Egypt’s Cairo Administrative Court has suspended the parliamentary elections, which were planned to begin in April.
The court said that the electoral law, proposed by Egypt’s President Mohammed Mursi, requires approval by the country’s Supreme Constitutional Court.
The elections were scheduled to begin on 22 April, and take place in four stages over a two-month period. According to local media reports, President Mursi said that he “accepted” the decision.
The election date had been announced by Mursi in February, bringing the date forward from the originally planned 27 April.
The elections follow the referendum in December in which Egyptians voted for the introduction of a much-debated new constitution, which demands that the voting takes place within a two-month time frame. The final rounds of voting are currently scheduled for the end of June.
The constitution has attracted criticism from a diverse range of groups, including liberals and Coptic Christians, who argue that it does not represent minorities, having been drafted by an assembly dominated by Islamic groups.

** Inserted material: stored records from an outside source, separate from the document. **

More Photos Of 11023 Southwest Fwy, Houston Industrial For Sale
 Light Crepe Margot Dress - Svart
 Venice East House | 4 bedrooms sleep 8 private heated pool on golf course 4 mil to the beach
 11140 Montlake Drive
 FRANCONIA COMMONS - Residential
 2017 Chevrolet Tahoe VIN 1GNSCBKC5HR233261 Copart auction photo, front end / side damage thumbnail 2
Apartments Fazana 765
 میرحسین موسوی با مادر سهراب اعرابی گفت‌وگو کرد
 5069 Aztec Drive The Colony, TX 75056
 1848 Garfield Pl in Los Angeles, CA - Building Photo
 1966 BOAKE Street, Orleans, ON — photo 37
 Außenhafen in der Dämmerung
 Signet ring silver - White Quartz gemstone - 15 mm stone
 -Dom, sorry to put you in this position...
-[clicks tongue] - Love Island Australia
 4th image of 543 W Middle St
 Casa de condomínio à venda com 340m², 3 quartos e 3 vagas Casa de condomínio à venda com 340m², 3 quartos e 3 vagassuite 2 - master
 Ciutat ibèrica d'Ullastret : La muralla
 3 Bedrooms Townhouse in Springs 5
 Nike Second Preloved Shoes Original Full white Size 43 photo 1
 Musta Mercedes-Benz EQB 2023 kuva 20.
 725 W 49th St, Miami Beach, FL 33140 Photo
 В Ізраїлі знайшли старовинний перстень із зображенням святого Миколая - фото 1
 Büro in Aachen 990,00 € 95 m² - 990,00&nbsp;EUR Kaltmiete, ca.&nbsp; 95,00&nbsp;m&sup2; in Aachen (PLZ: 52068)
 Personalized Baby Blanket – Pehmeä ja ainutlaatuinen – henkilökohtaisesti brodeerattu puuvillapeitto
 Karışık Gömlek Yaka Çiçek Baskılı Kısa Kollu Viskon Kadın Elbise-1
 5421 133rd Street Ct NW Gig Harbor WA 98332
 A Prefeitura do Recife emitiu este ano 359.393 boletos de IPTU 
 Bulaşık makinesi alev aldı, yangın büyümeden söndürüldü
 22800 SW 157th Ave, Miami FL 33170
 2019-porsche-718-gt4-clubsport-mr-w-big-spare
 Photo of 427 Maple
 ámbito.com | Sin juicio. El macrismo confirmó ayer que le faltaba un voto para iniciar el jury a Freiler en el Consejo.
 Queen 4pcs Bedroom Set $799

Many boycotted the referendum at the end of 2012.
In response to concerns over integrity of the planned elections, members of the Muslim Brotherhood’s Freedom and Justice Party have said the polls would be conducted under close supervision from the judiciary.
In the run-up to the announcement of the election date, Egypt has seen a number of anti-government protests take place cross the country, reflecting the increasing levels of frustration with Mursi’s presidency.